C’est pour cette raison qu’au début du XXe siècle, à Chicago, apparaissent les produits dérivés. Ces instruments financiers dont la valeur est « dérivée » du prix d’un autre produit, appelé « sous-jacent » — tel que des actions, obligations, instruments monétaires —, étaient initialement destinés à permettre aux agriculteurs du Middle West de vendre leur production à un prix fixé préalablement à la récolte — d’où le nom de « contrat à terme ». En cas de chute des cours au moment de la moisson, l’agriculteur était protégé ; en cas de flambée, les investisseurs enregistraient un profit.

Mais, au début des années 1990, ces produits à vocation prudentielle se transforment en produits de spéculation. Heiner Flassbeck, économiste en chef de la Conférence des Nations unies sur le commerce et le développement (Cnuced), a ainsi établi qu’entre 2003 et 2008 la spéculation sur les matières premières au moyen de fonds indexés (4) avait augmenté de 2 300 % (5).
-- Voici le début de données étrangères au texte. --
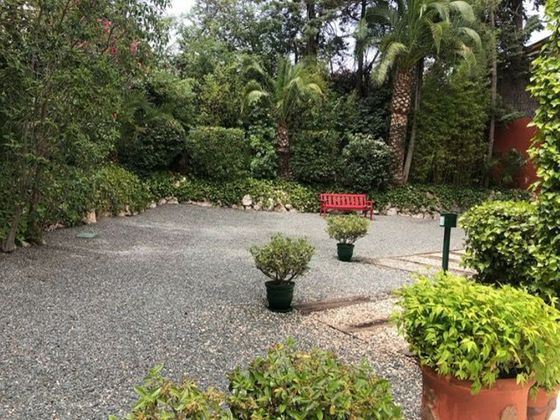 Foto 1 de Xalet en venda a La Moraleja distrito de 7 habitacions amb terrassa i piscina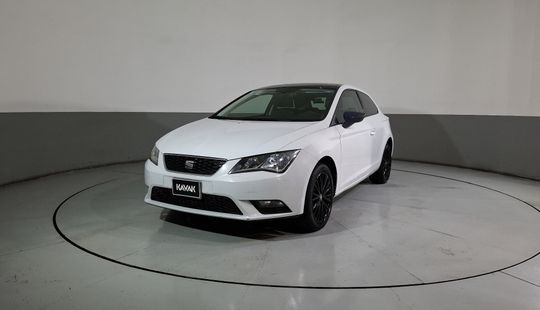 Seat • Leon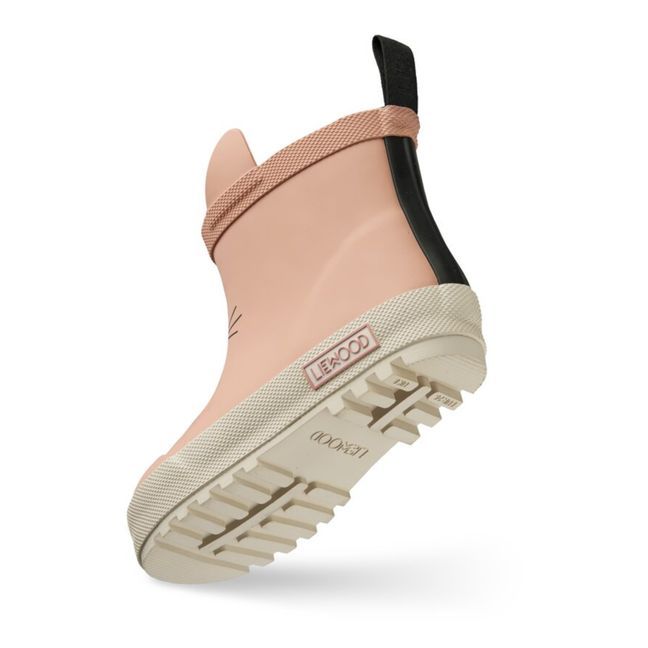 Botas de lluvia Jesse | Rosa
Au terme de cette période, la flambée des prix des aliments de base a provoqué les fameuses « émeutes de la faim » qui ont secoué trente-sept pays. Les images des femmes du bidonville haïtien de Cité Soleil préparant des galettes de boue pour leurs enfants tournaient alors en boucle sur les écrans de télévision. Violences urbaines, pillages, manifestations rassemblant des centaines de milliers de personnes dans les rues du Caire, de Dakar, de Bombay, de Port-au-Prince, de Tunis, réclamant du pain pour assurer leur survie, ont fait la « une » des journaux pendant plusieurs semaines.

L’indice 2008 des prix de l’Organisation des Nations unies pour l’alimentation et l’agriculture (FAO) s’établissait en moyenne à 24 % au-dessus de celui de 2007, et à 57 % au-dessus de celui de 2006. Dans le cas du maïs, la production de bio-éthanol américain — dopée par quelque 6 milliards de dollars (4,7 milliards d’euros) de subventions annuelles distribués aux producteurs d’« or vert » — a considérablement réduit l’offre des Etats-Unis sur le marché mondial du maïs. Or, le maïs servant en partie à l’alimentation animale, sa rareté sur les marchés, alors que la demande en viande progresse, a aussi contribué à augmenter les prix dès 2006. « L’autre grande céréale vivrière, le riz, connut à peu près la même évolution, relève l’économiste Philippe Chalmin (6), avec des prix qui, à Bangkok, passèrent de 250 à plus de 1 000 dollars la tonne (7). » Le monde prit soudainement conscience qu’au XXIe siècle des hommes mouraient de faim par dizaines de millions. Puis le silence recouvrit de nouveau la tragédie.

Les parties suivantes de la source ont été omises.